------ DATA EXCERPTS

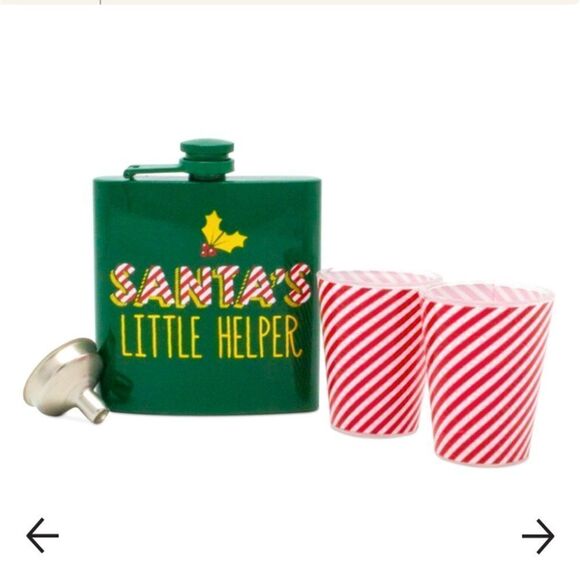 Tmd Holdings Santa's Little Helper Flask & 2 Shooters - Picture 1 of 3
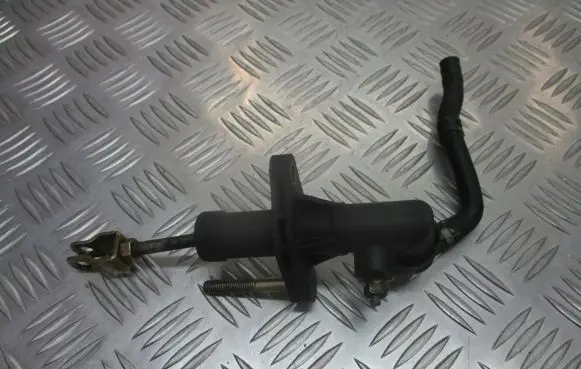 KIA Spectra Clutch slave cylinder 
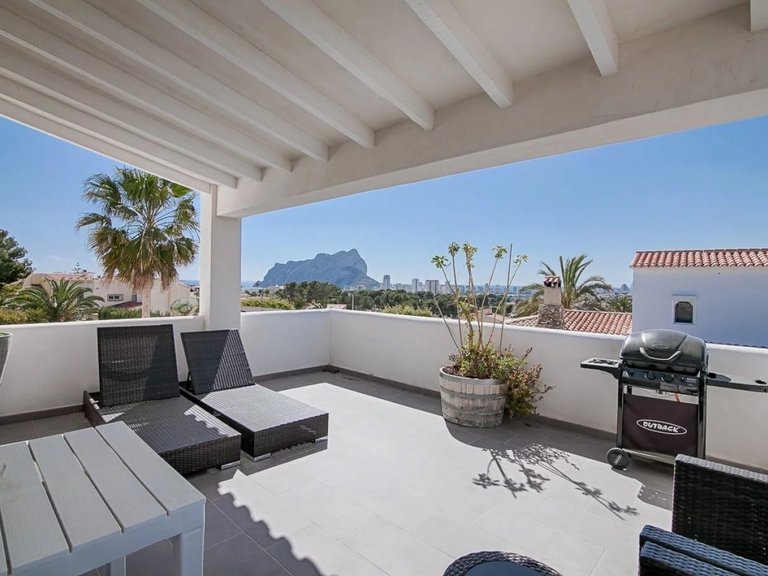 Villa for Sale in Calpe, Alicante 4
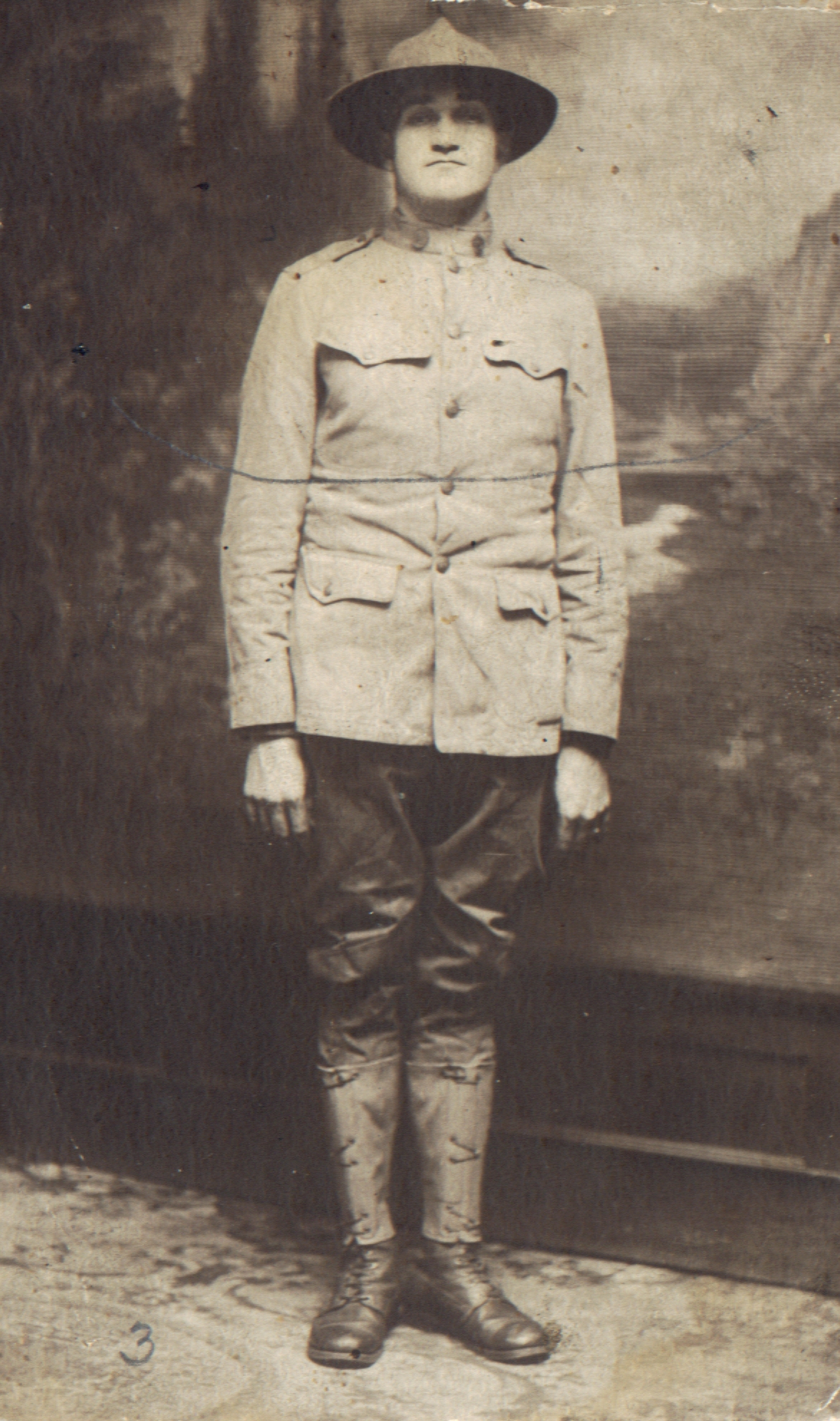  Clyde Calvin Harbert - son Benjamin Columbus Harbert - in his WW1 military uniform 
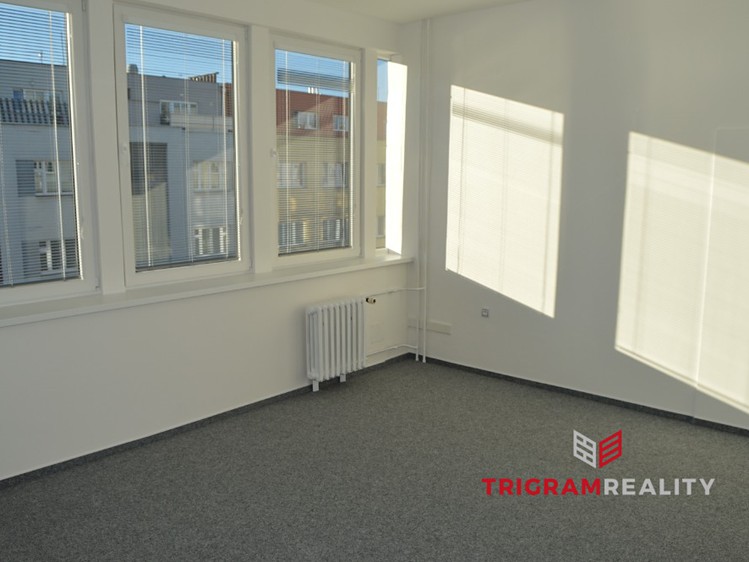 Pronájem kanceláře 31 m² - foto 5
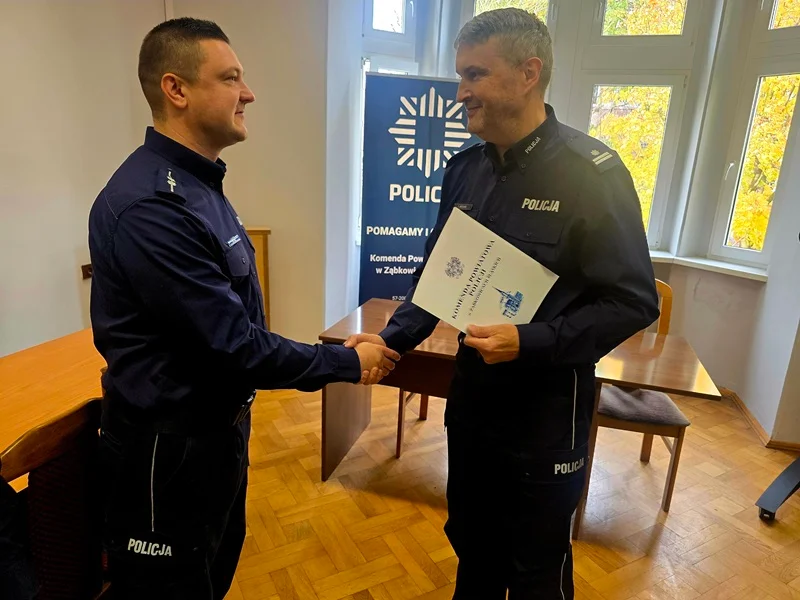 ZĄBKOWICCY POLICJANCI Z AWANSAMI I WYRÓŻNIENIAMI! TO DOWÓD PROFESJONALIZMU I PASJI DO SŁUŻBY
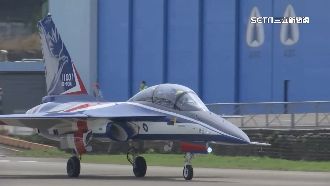 首架勇鷹高教機報到　軍事迷嗨翻搶拍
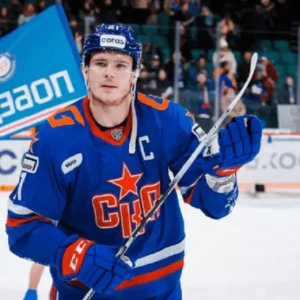 Никишин, защитник СКА, стал победителем конкурса на силу броска во время Матча звёзд КХЛ.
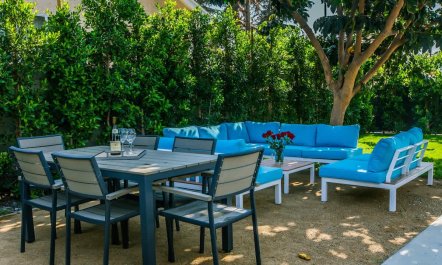 Monochrome Hideaway 2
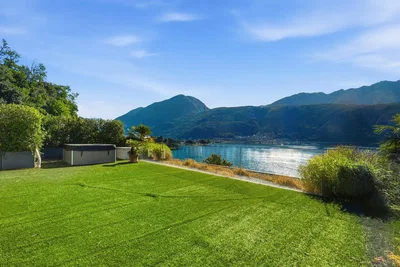 Casa e arredores; vista, luz natural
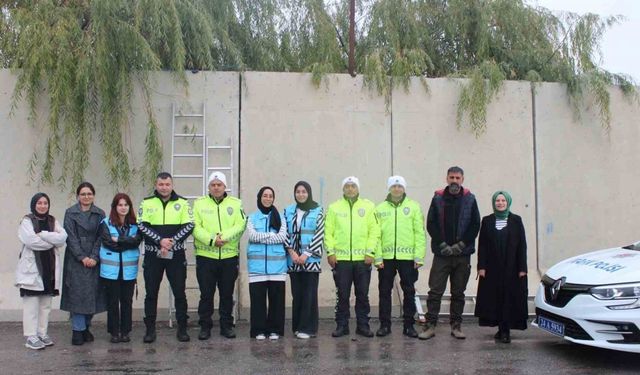 Öğrencilerden polislere destek ziyareti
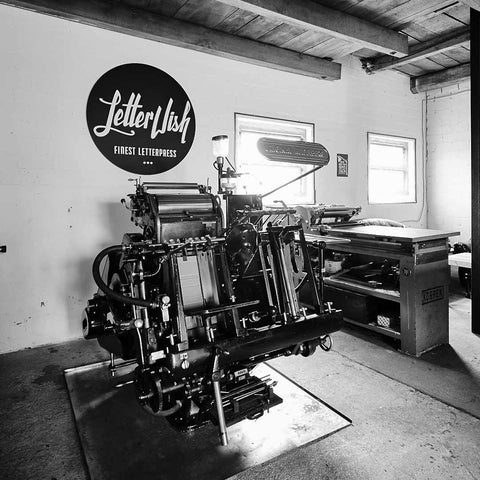 DER START IN DER 35 QM KLEINEN DRUCKSCHEUNE Banner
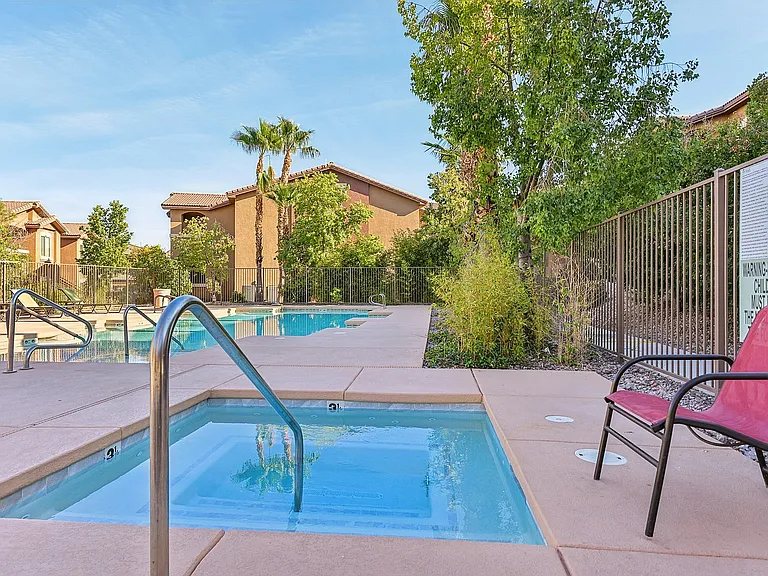 Back Pool/Spa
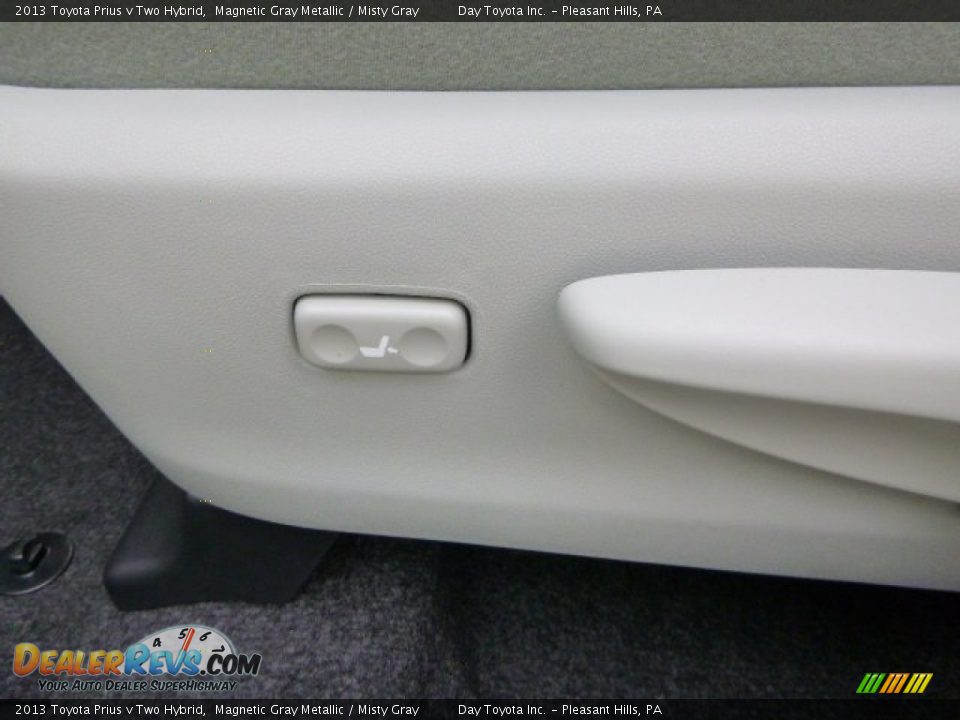 2013 Toyota Prius v Two Hybrid Magnetic Gray Metallic / Misty Gray Photo #15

------------

* [WHAT THE TASK ASKS]: From the line containing "Back Pool/Spa" through the last line of the records, both included, output those lines exactly and nothing else; skip the pictures.

* [YOUR RESPONSE]:
 Back Pool/Spa
 2013 Toyota Prius v Two Hybrid Magnetic Gray Metallic / Misty Gray Photo #15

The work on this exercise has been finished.